Hyperliquid, one of the fastest-growing Decentralized Perpetuals Exchanges (DEXs), has suffered its third major market manipulation attack in 2025. In this latest incident, the attackers used POPCAT, a Solana-based memecoin, as a tool to inflict approximately $4.9 million in “Bad Debt” on the platform’s Liquidity Vault.
These sequential attacks once again expose the Structural Vulnerability faced by DEXs like Hyperliquid, which handle high Leverage and Illiquid markets. This was not a protocol hack, but an attack conducted through manipulation, exploiting loopholes in the exchange’s rules and market liquidity flow.
The Mechanism of Manipulation: $3M Lost vs. $5M Stolen
This November attack, like the previous incidents in March (JELLYJELLY) and July (TST), followed a planned self-sabotage scheme.
The attackers’ goal was clear: to push losses onto the HLP Liquidity Providers. The method they used was as follows:
- Capital Division: First, they withdrew approximately $3 million worth of USDC from the centralized exchange OKX and dispersed it across 19 crypto wallets.
- Creating False Demand: They used this capital to open highly leveraged POPCAT long positions worth $26 million on Hyperliquid. Simultaneously, they placed a Buy Wall worth $20 million at a price of $0.21 to create artificial and false demand for POPCAT.
- Triggering the Price Crash: Within seconds, they canceled the Buy Wall. With no support in the market, the price of POPCAT plunged by 30% in moments.
- Pushing Loss onto HLP: Due to the crash, all of the attacker’s long positions were liquidated. In this process, although the attacker lost their own $3 million in capital, the market shock forced the HLP Vault to absorb approximately $5 million worth of “Bad Debt” (liquidation losses that cannot be recovered from the attacker).
Since the attacked token (POPCAT) had low liquidity, the impact was severe despite only 5x leverage being used. This was not a protocol hack but pure manipulation that misused market liquidity and leverage tools.
Serial Attacks and Structural Vulnerability
These recurrent patterns of attacks targeting Hyperliquid expose the inherent risks of the decentralized perpetuals market.
- Vulnerability of the Liquidation Pool: Hyperliquid’s liquidation system is funded by the HLP Vault (Hyperliquid Liquidity Pool), a community-managed pool of funds. When liquidation occurs, this vault covers traders’ losses. However, manipulation attacks are specifically designed to inflict losses on this vault, directly affecting ordinary Liquidity Providers (LPs).
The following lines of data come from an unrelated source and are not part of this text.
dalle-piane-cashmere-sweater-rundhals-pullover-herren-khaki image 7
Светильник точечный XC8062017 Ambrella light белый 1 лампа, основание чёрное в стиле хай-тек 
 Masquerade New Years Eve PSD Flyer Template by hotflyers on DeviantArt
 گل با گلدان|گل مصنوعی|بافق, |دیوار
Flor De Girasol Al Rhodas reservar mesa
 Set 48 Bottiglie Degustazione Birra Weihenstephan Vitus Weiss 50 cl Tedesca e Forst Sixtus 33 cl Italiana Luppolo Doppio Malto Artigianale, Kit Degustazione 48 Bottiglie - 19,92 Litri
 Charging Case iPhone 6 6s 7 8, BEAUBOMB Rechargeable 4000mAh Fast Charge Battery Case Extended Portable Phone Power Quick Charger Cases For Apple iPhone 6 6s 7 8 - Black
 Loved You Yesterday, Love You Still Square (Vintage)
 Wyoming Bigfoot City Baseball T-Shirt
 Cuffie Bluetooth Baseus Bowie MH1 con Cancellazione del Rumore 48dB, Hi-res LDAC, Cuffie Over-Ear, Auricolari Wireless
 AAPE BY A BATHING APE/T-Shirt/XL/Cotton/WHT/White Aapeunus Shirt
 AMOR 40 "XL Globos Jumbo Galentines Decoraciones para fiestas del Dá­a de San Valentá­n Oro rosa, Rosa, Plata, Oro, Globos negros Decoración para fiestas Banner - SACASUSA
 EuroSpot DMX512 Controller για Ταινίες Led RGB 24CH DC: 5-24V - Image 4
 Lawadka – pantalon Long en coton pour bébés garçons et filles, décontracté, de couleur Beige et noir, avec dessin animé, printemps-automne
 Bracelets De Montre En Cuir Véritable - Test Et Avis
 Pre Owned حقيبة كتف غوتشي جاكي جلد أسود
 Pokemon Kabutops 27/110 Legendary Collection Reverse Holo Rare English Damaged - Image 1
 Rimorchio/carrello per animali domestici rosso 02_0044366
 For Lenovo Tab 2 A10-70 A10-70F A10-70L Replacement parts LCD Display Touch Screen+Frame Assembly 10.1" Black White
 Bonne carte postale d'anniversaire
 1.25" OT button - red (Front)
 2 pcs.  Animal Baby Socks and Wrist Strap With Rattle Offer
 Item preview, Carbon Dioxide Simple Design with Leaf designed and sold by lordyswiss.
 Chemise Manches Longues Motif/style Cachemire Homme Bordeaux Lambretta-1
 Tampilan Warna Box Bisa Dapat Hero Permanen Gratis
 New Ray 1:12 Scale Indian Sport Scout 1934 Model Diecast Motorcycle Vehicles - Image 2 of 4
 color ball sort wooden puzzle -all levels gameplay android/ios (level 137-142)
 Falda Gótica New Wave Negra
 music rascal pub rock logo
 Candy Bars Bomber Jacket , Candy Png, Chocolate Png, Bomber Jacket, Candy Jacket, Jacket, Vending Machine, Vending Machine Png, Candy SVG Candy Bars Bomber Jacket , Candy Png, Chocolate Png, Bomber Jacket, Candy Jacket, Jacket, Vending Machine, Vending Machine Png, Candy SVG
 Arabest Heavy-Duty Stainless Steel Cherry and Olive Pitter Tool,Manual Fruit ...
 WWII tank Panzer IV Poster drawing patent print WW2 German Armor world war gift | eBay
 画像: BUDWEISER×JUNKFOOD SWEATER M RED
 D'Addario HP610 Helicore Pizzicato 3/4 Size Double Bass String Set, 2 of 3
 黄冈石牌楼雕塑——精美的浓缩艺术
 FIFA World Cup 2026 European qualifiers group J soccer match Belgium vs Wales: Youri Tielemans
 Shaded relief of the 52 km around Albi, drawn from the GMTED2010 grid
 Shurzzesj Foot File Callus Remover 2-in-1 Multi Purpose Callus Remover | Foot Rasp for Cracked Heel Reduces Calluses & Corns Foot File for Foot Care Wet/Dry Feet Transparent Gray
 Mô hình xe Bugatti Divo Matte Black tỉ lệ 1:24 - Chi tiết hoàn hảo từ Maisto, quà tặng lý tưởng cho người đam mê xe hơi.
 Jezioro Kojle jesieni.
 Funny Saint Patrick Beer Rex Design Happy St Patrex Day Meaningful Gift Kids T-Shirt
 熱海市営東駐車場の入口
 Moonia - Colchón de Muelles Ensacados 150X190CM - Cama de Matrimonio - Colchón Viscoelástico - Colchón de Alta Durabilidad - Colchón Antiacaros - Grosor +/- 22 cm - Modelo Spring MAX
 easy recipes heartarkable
- Predictable Target: Allowing high leverage on illiquid memecoins provides an easily predictable opportunity for manipulation attacks. Small tokens are used as a lever to exploit the funds held in large vaults.
Competitive Landscape and Market Reaction
While Hyperliquid has seen major success in this cycle, recording over $10 billion in daily trading volume, this success itself has made it a target.
Competitors like Binance-backed Aster are closing in with over $7 billion in daily trading volume. This intense competitive environment has led to unsubstantiated online speculation that the attacks might be a conspiracy by rivals seeking to damage Hyperliquid’s dominance. Conversely, it was also argued that market manipulation is an unavoidable component of this fast-paced DEX Perpetuals business environment.
Following the attack, Hyperliquid temporarily halted deposits and withdrawals. This raised questions among many about how a Decentralized system could employ Centralized controls. However, Hyperliquid clarified that no smart contract was compromised. The company argued that the incident was merely a price manipulation, not a protocol hack.
These persistent attacks serve as another reminder of the risks of Decentralized Finance (DeFi), especially in leveraged trading. These DEX platforms are now under pressure to adjust their risk management rules to ensure market safety and stability.